This morning, after a very poor nights sleep, we arose to take up the hunt once more. As dawn arrived I kept an ear out for our missing girls amidst the normally musical chorus of blackbirds, starlings, tits, doves, jays, ravens and crows (not to mention an increasing number of fat pigeons – must stop over-loading the feeders) and soon heard that morning chuckle that advertised the successful survival of another night. Looking out of thew bedroom window I could see one in one next door garden, and another in the other. No sign of the third.
I got up showered and dressed, and went out into light rain. One bird immediately saw me and raced for the hedgerow, so I went to the shed to get a beanpole, prodding persuasion in mind.

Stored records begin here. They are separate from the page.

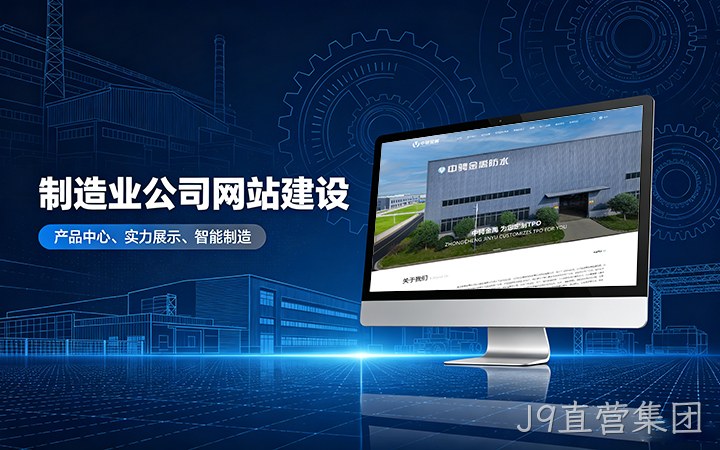 J9直营集团制造业公司官网建设_工厂企业网站设计制作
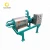 Import cow dung screw drying machine for animals waste processing dung mill from China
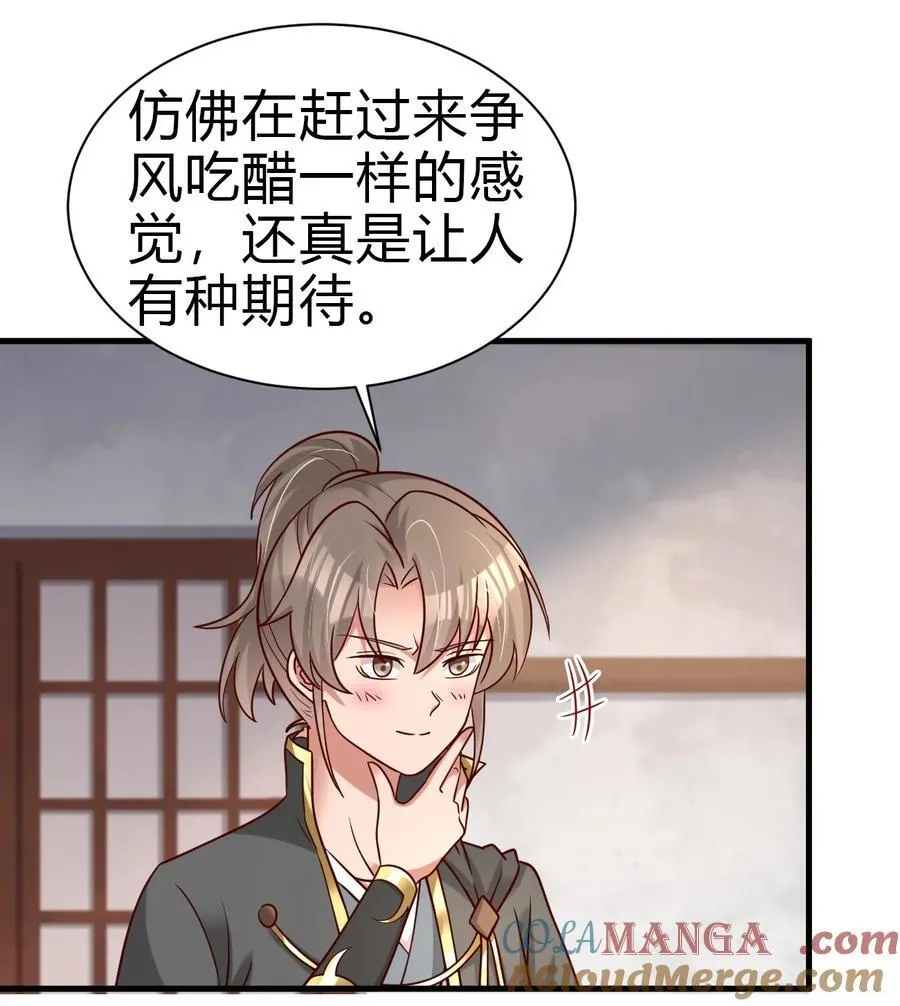 172 一场接一场的修罗场啊……30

As I opened the shed door I was met by a face-full of startled chicken – the third girl had been in the shed all night but, brown being brown, we’d missed her. I had her after a brief flurry and, flight feathers clipped on the right side, she was placed unceremoniously with the three original birds. 3-0 became 2-1.
The second chicken was hiding in the wood-shed next door, but made for the trees when I came a-hunting. I failed to catch her but she decided to fly back over the fence into our garden, where I left her to calm down. The third took to racing back around the houses like before, then dived into a hedge from which we couldn’t find head nor tail of her. In the meantime the second one was exploring the shed… Bingo! Another one in the bag – I mean chicken run.
The rain is really coming down right now, and we’ve called off the hunt. I think we’re now into extra time, but the score is now Chickens 1 – Humans 2. There’s a bit more sorting out to be done in the chicken run yet, but Waiting Is.